Additionally, either diabetes or hypertension are risk factors for premature labor and PROM [23], and also increase the likelihood of GBS-colonization [10, 15]. These confounding factors not only increase the rate of GBS-colonization, but also induce adverse pregnancy outcomes. Therefore, it is necessary to exclude the confounding factors and to compare a single factor for GBS to confirm the role of GBS in adverse pregnancy outcomes. Moreover, these confounding factors may be the reason for the differences in results between studies.

4.3 GBS with Strong Invasiveness among Frail Children

Most of the GBS-infected neonates had pneumonia, followed by pyemia, bacteriaemia, meningitis, and even death. The emergence of symptoms of infection and death were mostly concentrated within the first 24 hours. There were significant differences in the three indices (gestational age, neonatal birth weight, and Apgar scores), reflecting the health status of newborns among the three groups. Infants with poor basic conditions are concentrated in the infection and death groups.

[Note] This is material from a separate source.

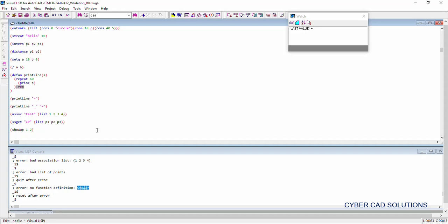Friends, we have seen different error messages: bad arguments, too few arguments, too many arguments, bad association list, bad list of points, and no function definition available. AutoLISP gives different error messages, and based on those, you need to check your program to find what caused it to crash. Hope this session is useful to you. Please subscribe to my channel and share this video with your friends. Thanks for watching.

In the weight group, there was only a difference between the colonization and death groups. The two dead cases in our study were premature babies with low weight, and similar cases were also reported by Todorova-Christova et al. [24], that low weight at birth or prematurity was confirmed as a substantial risk factor of GBS-infection. In the Apgar score group, there were differences among all three groups. Therefore, we believe that the occurrence and progression of GBS-infections were related to the basic physical health status of newborns, which is consistent with Mousavi et al. [10], which reported that GBS can give rise to life-threatening infections in some vulnerable hosts, especially infants with chronic diseases.

4.4 Analysis of GBS Maternal-to-Child Transmission

A difference also existed in the mode of delivery so that the colonization and GBS-infection rates in newborns that were delivered spontaneously were higher than newborns delivered by cesarean section, which is consistent with the results of Verani et al. [3] and Joachim et al. [25]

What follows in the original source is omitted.